** WHAT THE TASK REQUIRES **
When copying the data below, keep only the lines from the one with "For the number" through the one with "Last but not", word for word, and skip the pictures.

** DATA SHOWN **

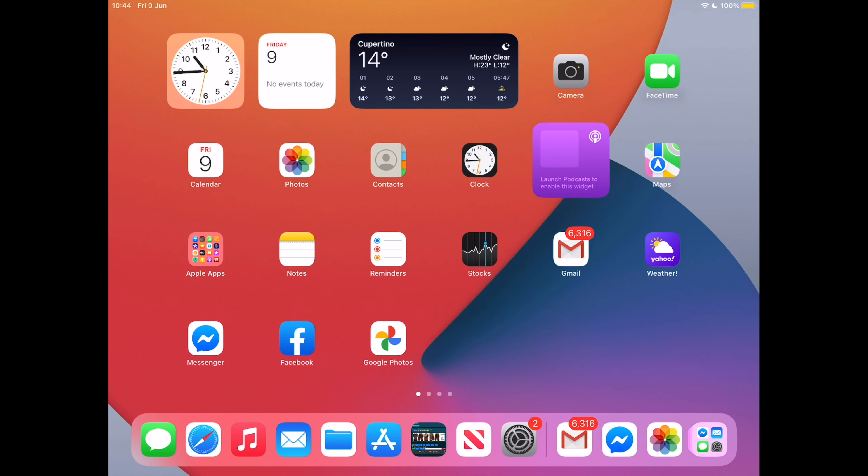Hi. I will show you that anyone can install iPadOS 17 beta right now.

--

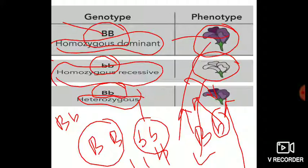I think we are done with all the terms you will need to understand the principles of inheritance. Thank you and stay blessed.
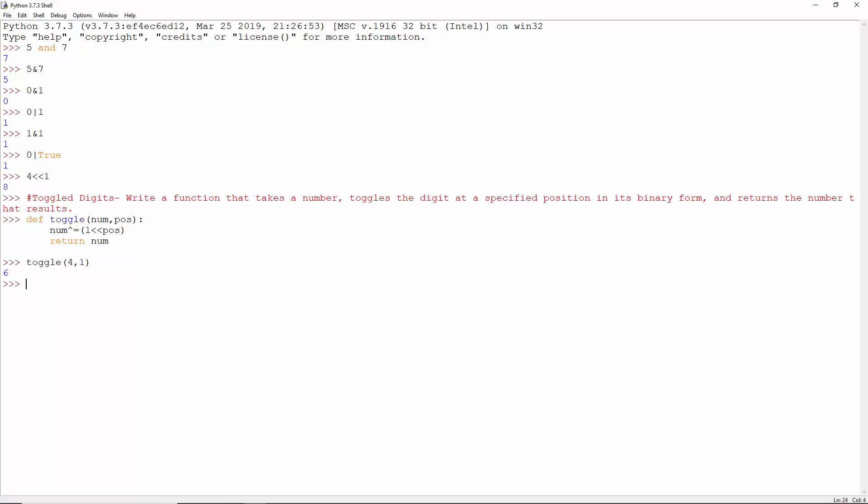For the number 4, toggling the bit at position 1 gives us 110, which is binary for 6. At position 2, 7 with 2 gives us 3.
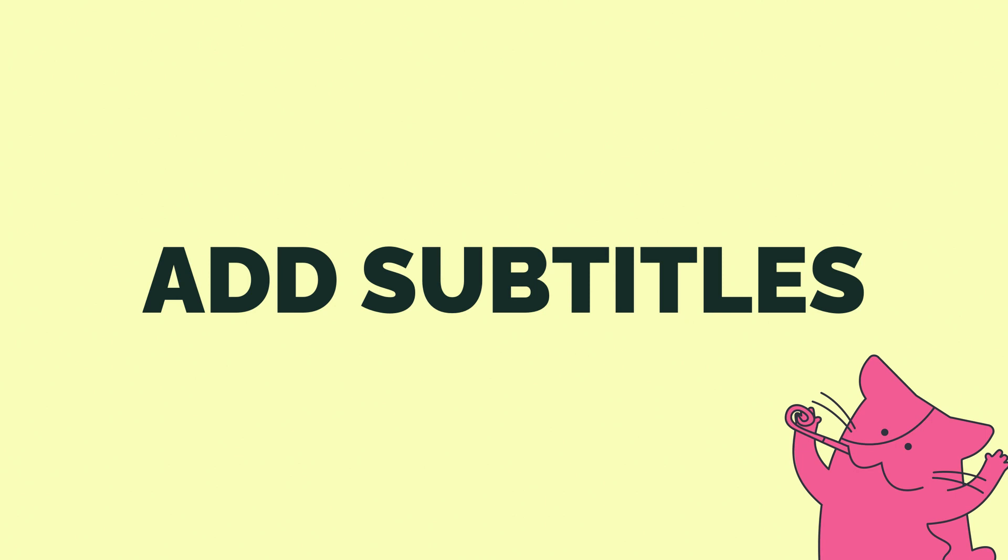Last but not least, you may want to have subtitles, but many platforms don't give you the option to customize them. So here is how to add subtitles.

** REPLY TO THE EXERCISE **
For the number 4, toggling the bit at position 1 gives us 110, which is binary for 6. At position 2, 7 with 2 gives us 3.
Last but not least, you may want to have subtitles, but many platforms don't give you the option to customize them. So here is how to add subtitles.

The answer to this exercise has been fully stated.